Increase Employment Opportunities
The world still generates 66% of electricity from fossil fuels. Along with the development of renewable sources of energy, we still need to cater to the needs of the non-renewable sources already in progress. Fossil fuel production and even nuclear energy production is highly water intensive. Proper access to water can lead to generation of electricity and thus, create a lot of employment opportunities. However, non-renewable sources cannot be considered feasible in the long run.
Help Empower Women
In low income countries, women primarily bear the responsibility of fetching water, which is time-consuming and tiresome. In South Africa, in poor rural households, women who fetch water and fuel wood, spend 25% less time in paid employment. Due to poor sanitation, women and girls have to walk to open defecation sites and are vulnerable to misdeeds. They also have specific hygiene requirements during pregnancy and menstruation. With proper sanitation and easy access to water, time is saved and further, new employment opportunities for women are created.
Help Increase Agricultural Productivity
Agriculture is known to be the biggest user of water, and adequate availability of water will lead to agricultural efficiency. With the rise in populations, demand for food has been increasing exponentially. Efficient and precise irrigation methods along the agrifood chain can help salvage water and energy.

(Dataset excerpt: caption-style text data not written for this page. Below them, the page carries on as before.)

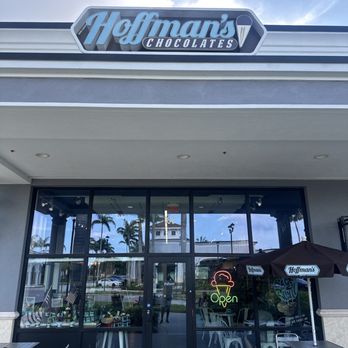 Hoffman's Chocolates - Chocolatiers & Shops Near Me - Delray Beach, Florida Hoffman's Chocolates - Chocolatiers & Shops Near Me - Delray Beach, Florida
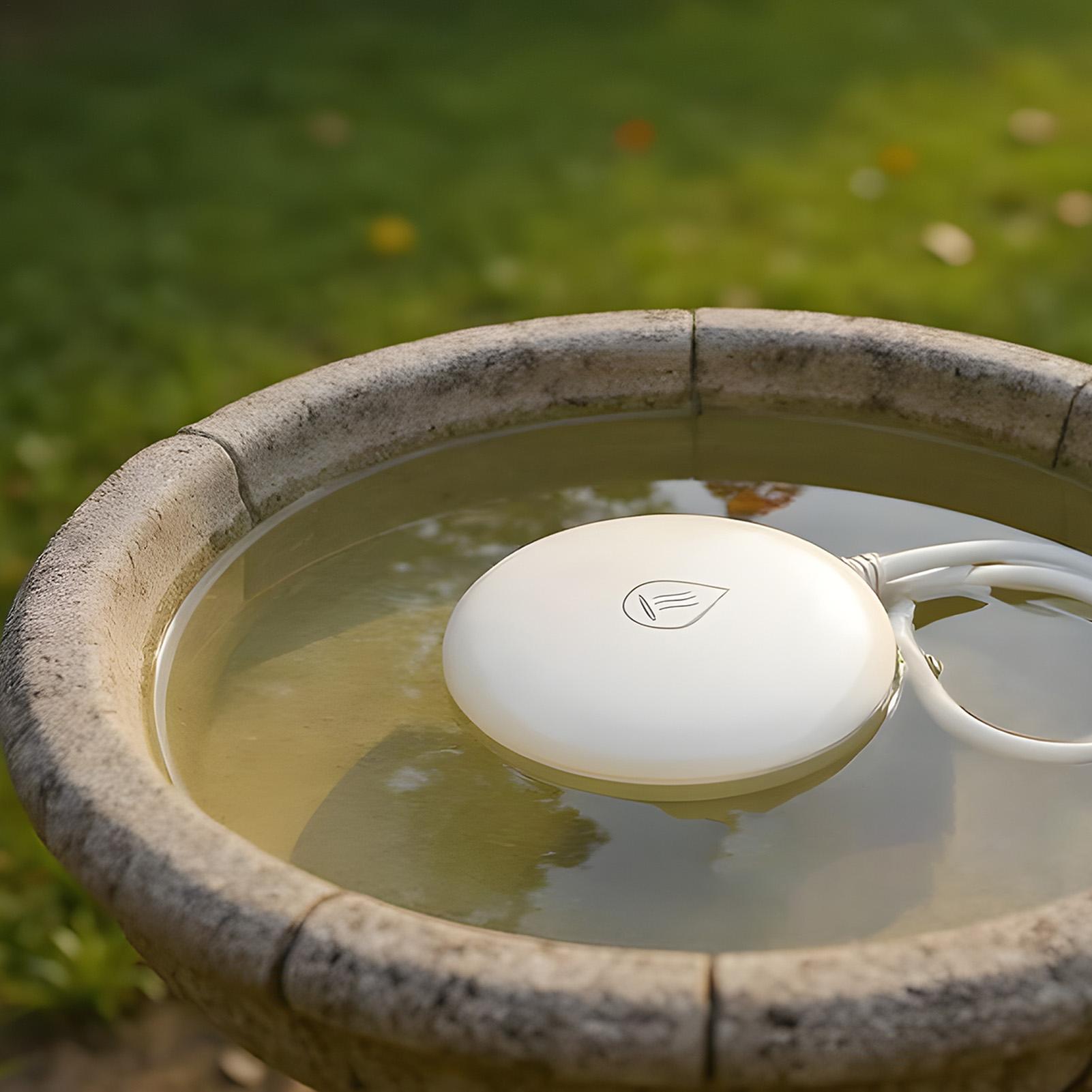 เครื่องทำความร้อนสำหรับน้ำพุนก - Smart Garden Bird Bath บทวิจารณ์และราคา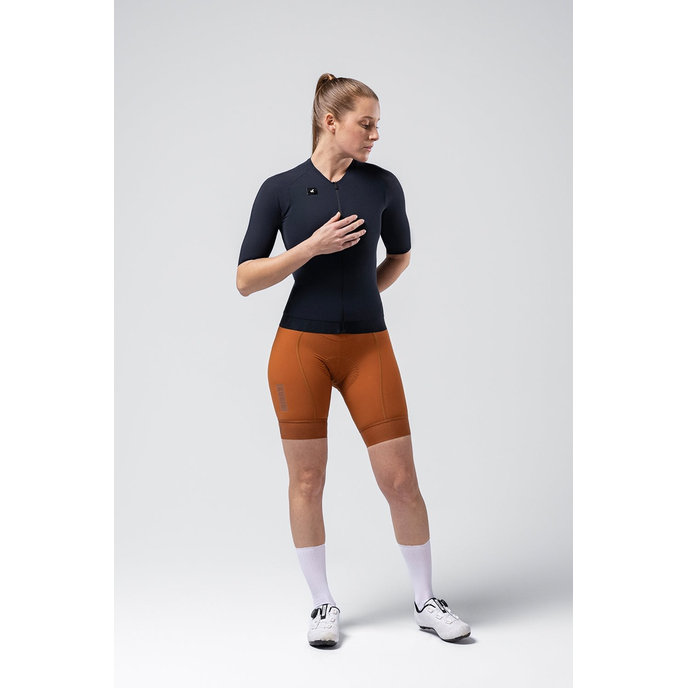 GOBIK tricou CX SOLID UNISEX ULTRABLUE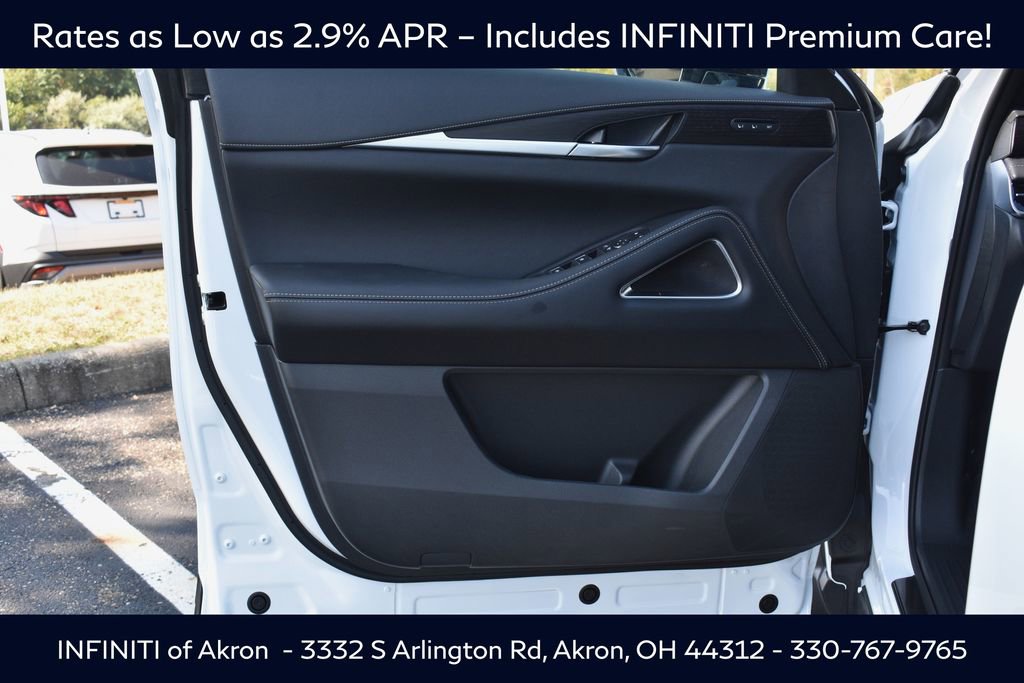 New 2026 INFINITI QX60 Autograph w/ Dark Cargo Package image 10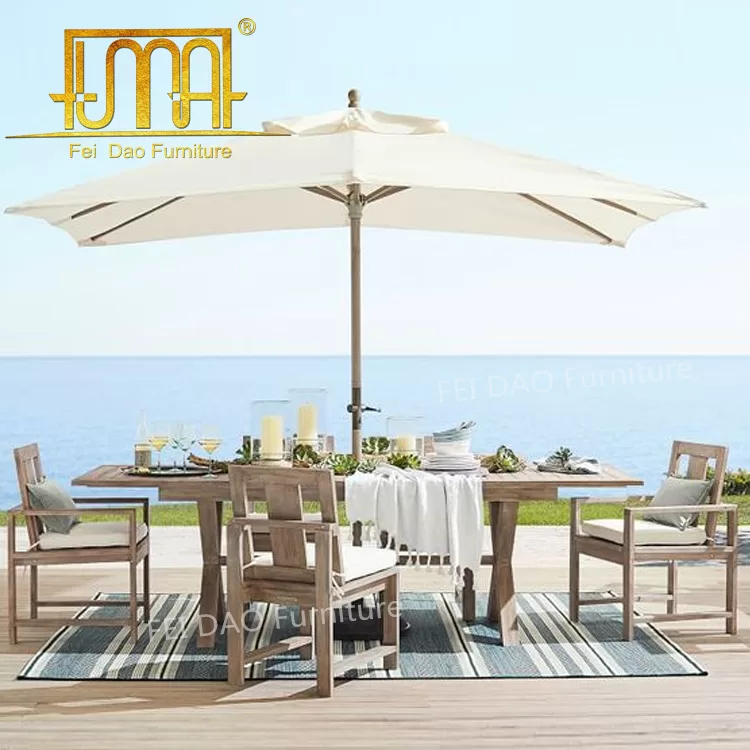 What Size Umbrella For Outdoor Table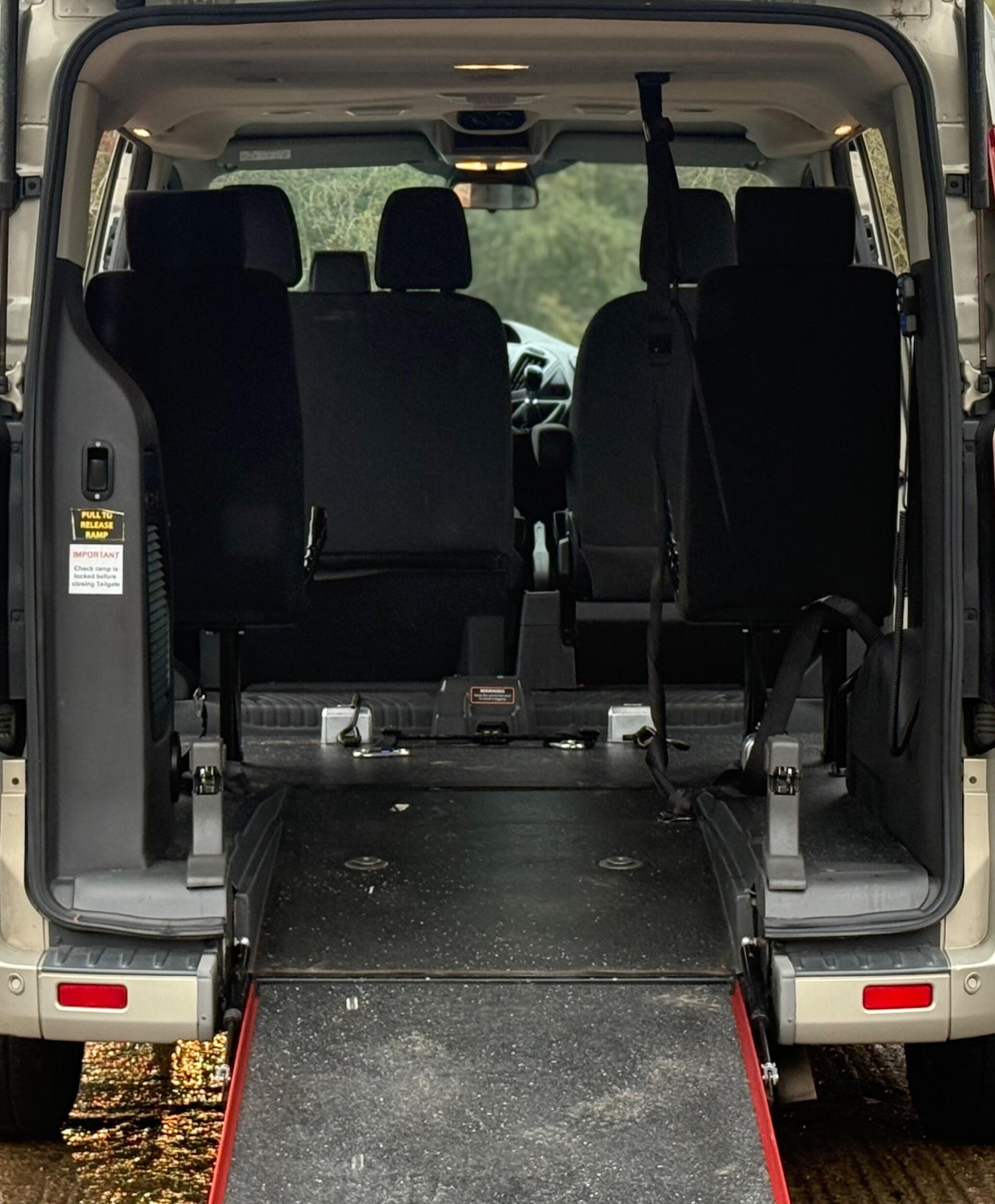 Used Ford Tourneo Custom 2018 for sale - 76724063: Photo 22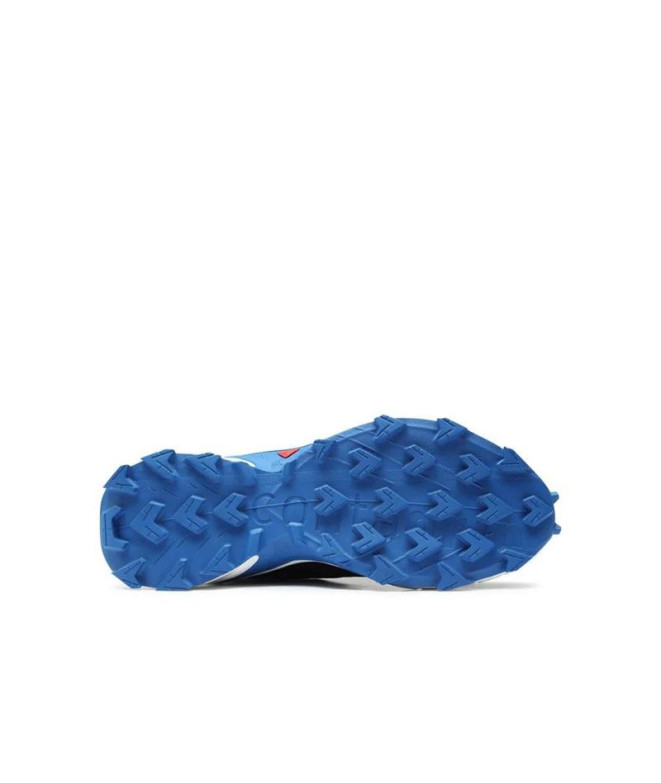 Zapatillas de Trail Salomon Supercross 4 Azul...
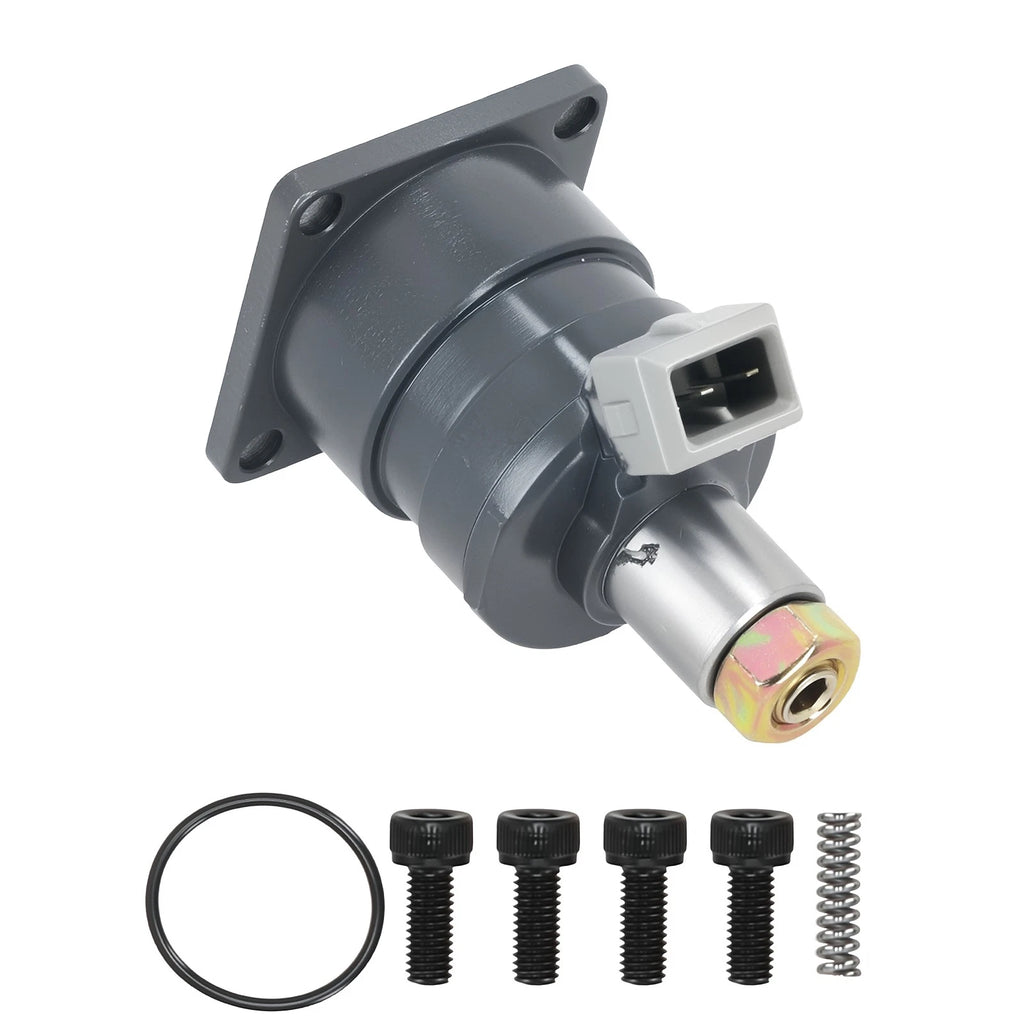 Solenoid Valve for Deere 490E 790E 4288336 Steel Replacement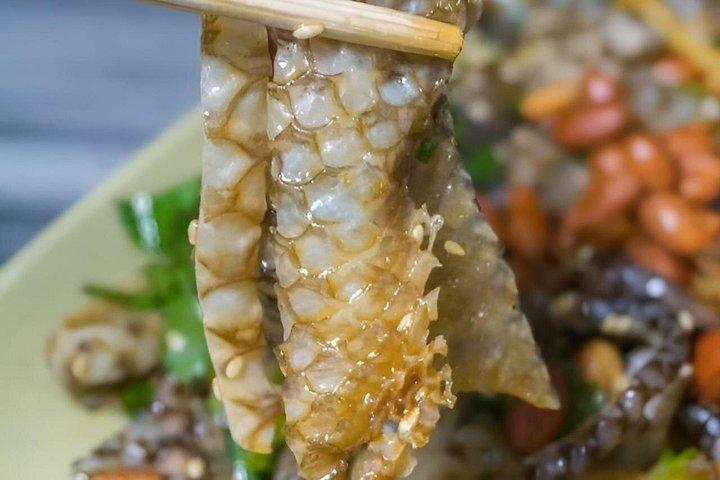 順徳食遺産と文化発見プライベート日帰りツアー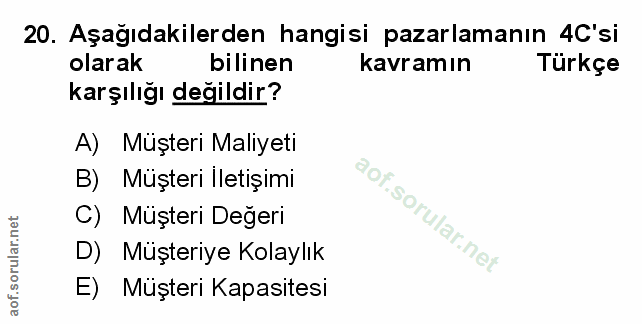 Soru 20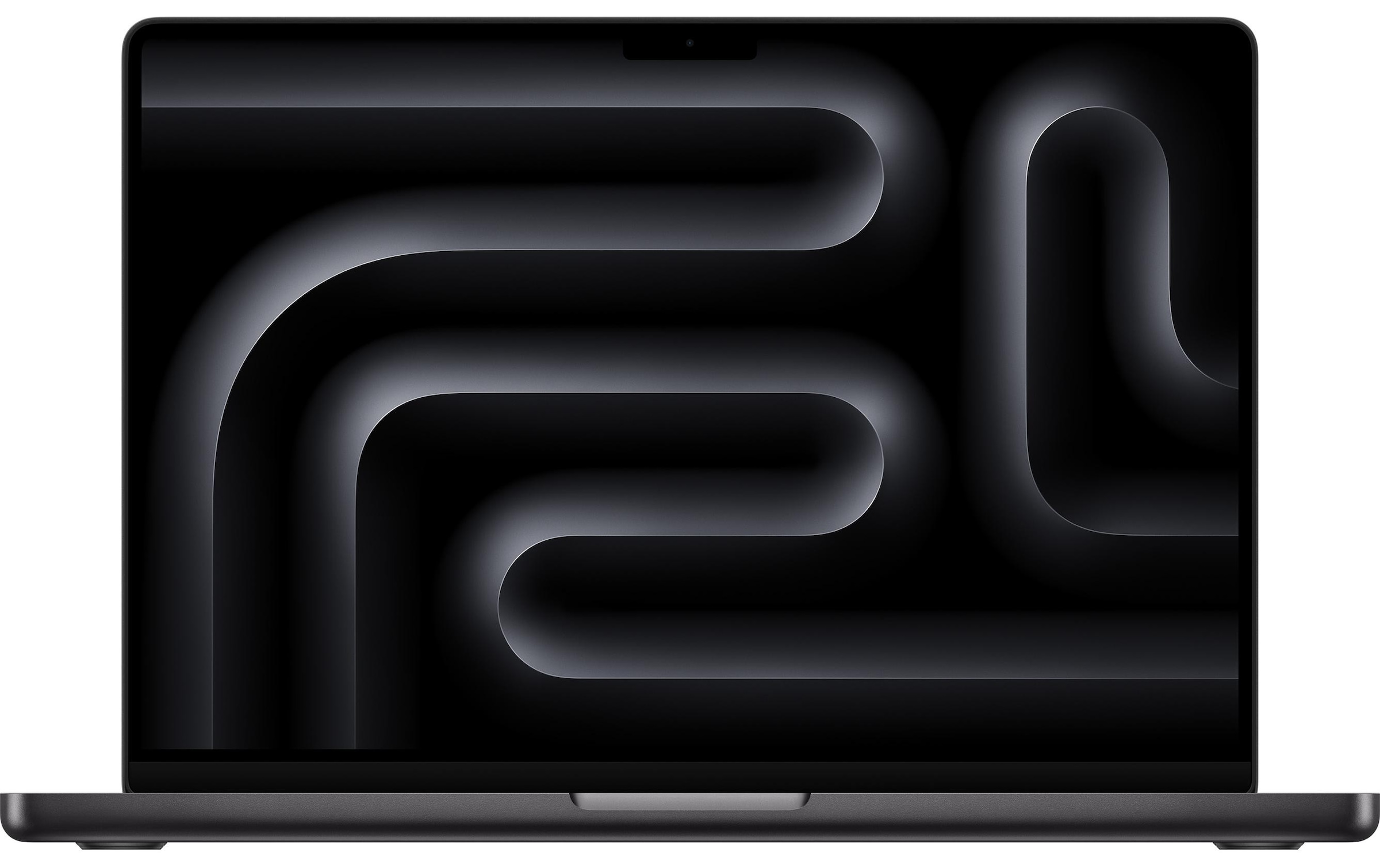 Apple Notebook »MacBook Pro 14 M5 2025 10C CPU/10C GPU« / 14,2 ″ Apple M5 512 GB SSD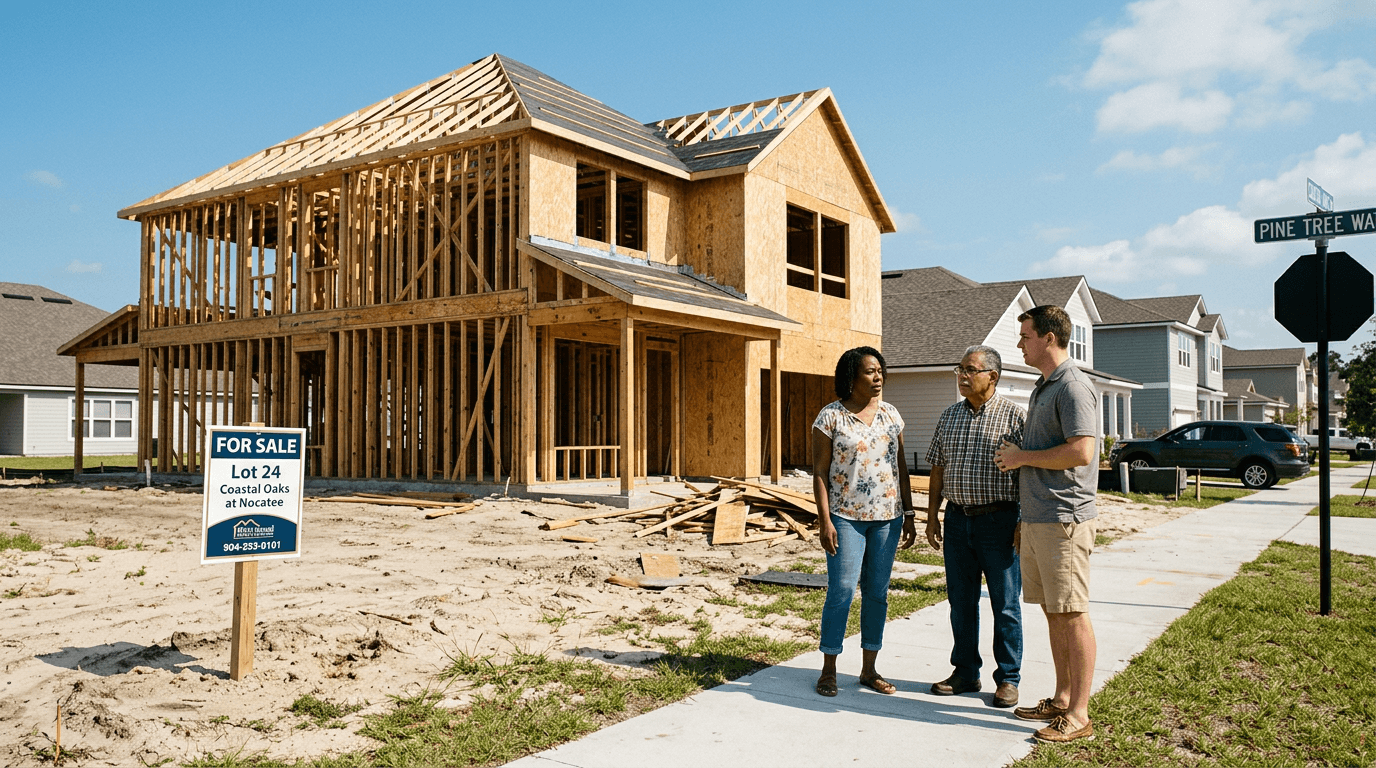 Nocatee Homebuilder Pleads Guilty to All 45 Felonies, Must Repay $8.7 Million to Local Families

It is in fact surprising to see how water has the ability to change lives, to such an extent that it can improve standards of living. Thus, there is an urgent need to create awareness and work towards protecting the sources of water and help everyone get their fair share. Traditional methods like rainwater harvesting are a great measure to work towards conservation of water. Renewable sources of energy reduce dependence on water to generate electricity. Solar powered irrigation pumps are also a great alternative that work towards a definite usage of water, mechanized with a sustainable solution.
It’s time we appreciate what we have, before it turns into something we used to have.